- _DATA IN THIS EXERCISE_
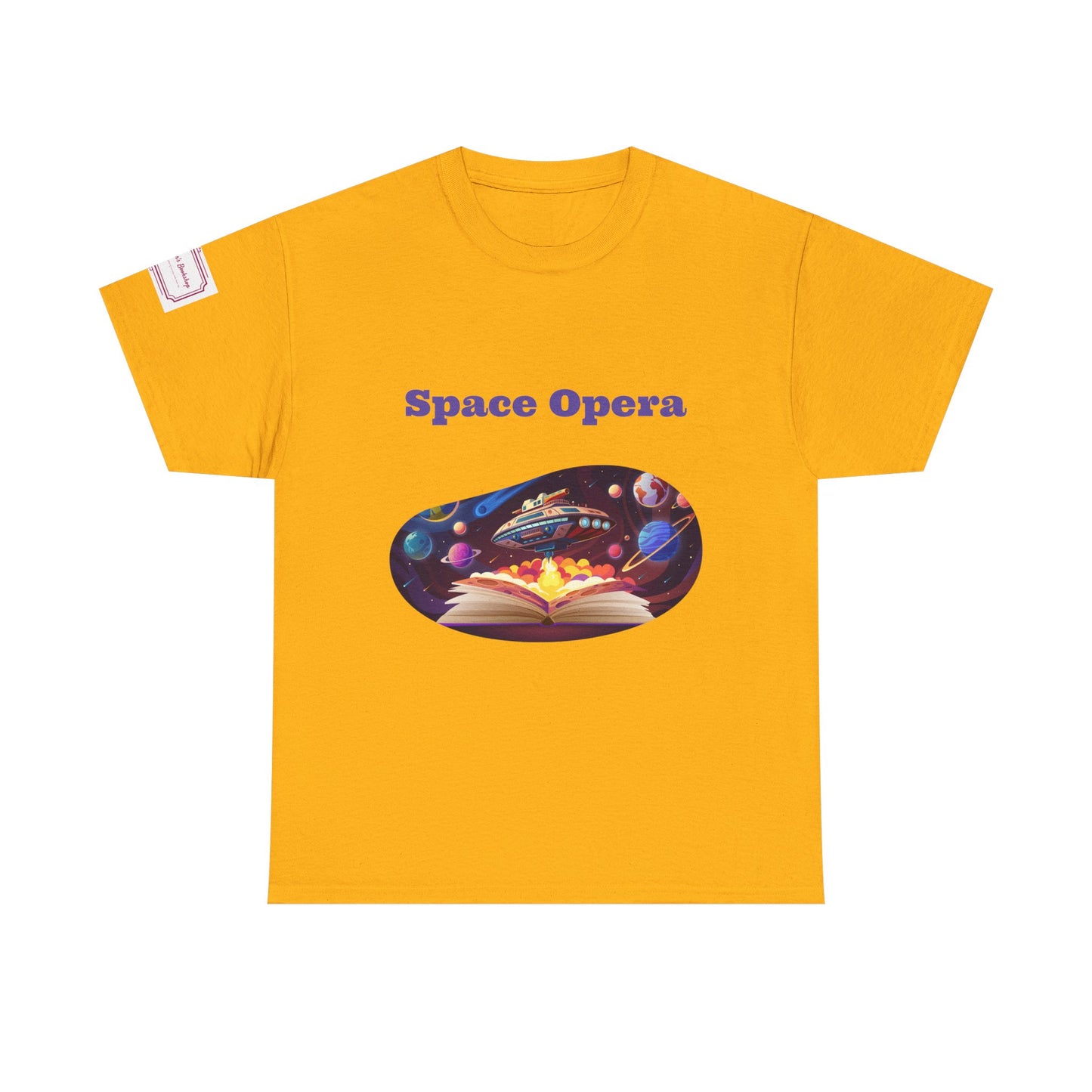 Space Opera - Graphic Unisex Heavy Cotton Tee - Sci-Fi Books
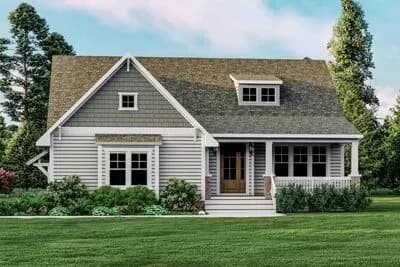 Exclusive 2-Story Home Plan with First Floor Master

--

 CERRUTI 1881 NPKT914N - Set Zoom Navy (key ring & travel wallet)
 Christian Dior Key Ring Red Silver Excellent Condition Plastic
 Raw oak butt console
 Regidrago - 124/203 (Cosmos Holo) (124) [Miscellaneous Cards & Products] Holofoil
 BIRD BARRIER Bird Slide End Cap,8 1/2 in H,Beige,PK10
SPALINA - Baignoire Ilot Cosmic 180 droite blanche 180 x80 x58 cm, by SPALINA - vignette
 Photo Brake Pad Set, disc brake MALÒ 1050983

...

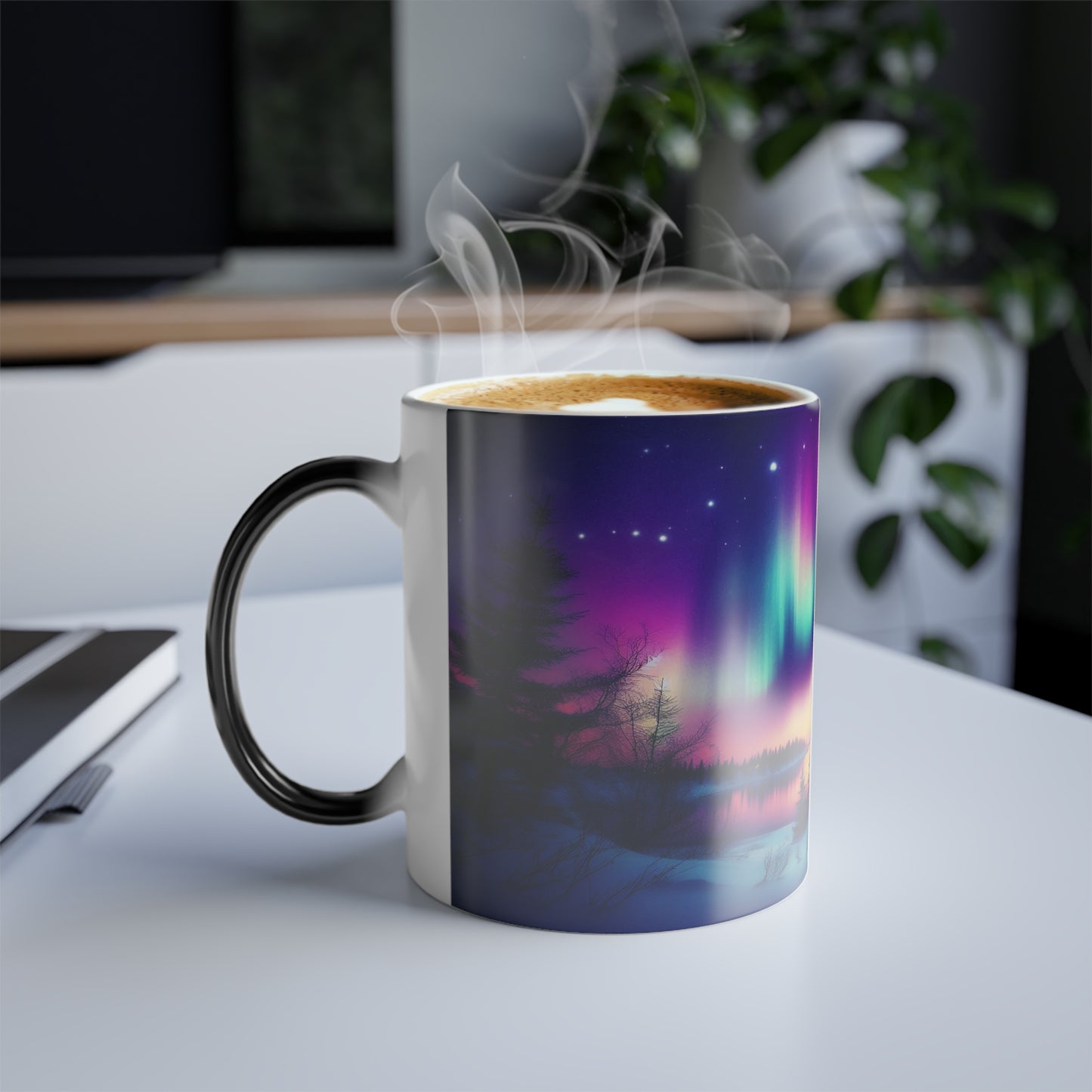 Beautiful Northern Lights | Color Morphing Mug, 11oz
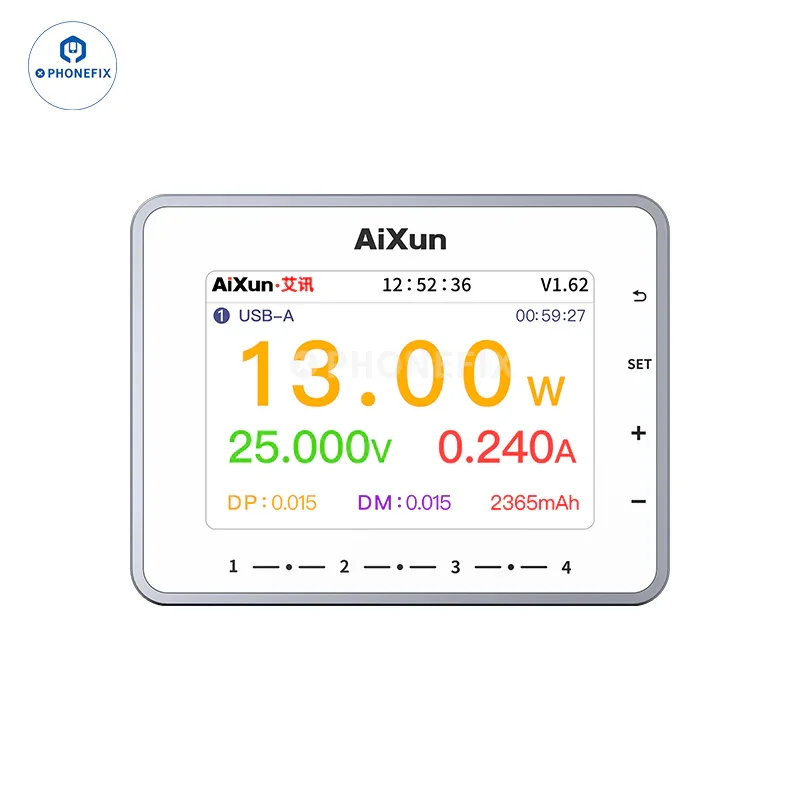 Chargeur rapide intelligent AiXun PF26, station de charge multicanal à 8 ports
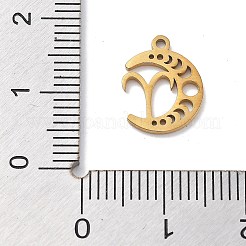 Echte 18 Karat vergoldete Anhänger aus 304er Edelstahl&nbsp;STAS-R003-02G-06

- _TASK REQUIREMENTS_
Between and including the line above that contains "Chargeur rapide intelligent" and the line that contains "Echte 18 Karat", restate every line word for word. Pictures stay out.

- _TASK RESULT_
 Chargeur rapide intelligent AiXun PF26, station de charge multicanal à 8 ports
 Echte 18 Karat vergoldete Anhänger aus 304er Edelstahl&nbsp;STAS-R003-02G-06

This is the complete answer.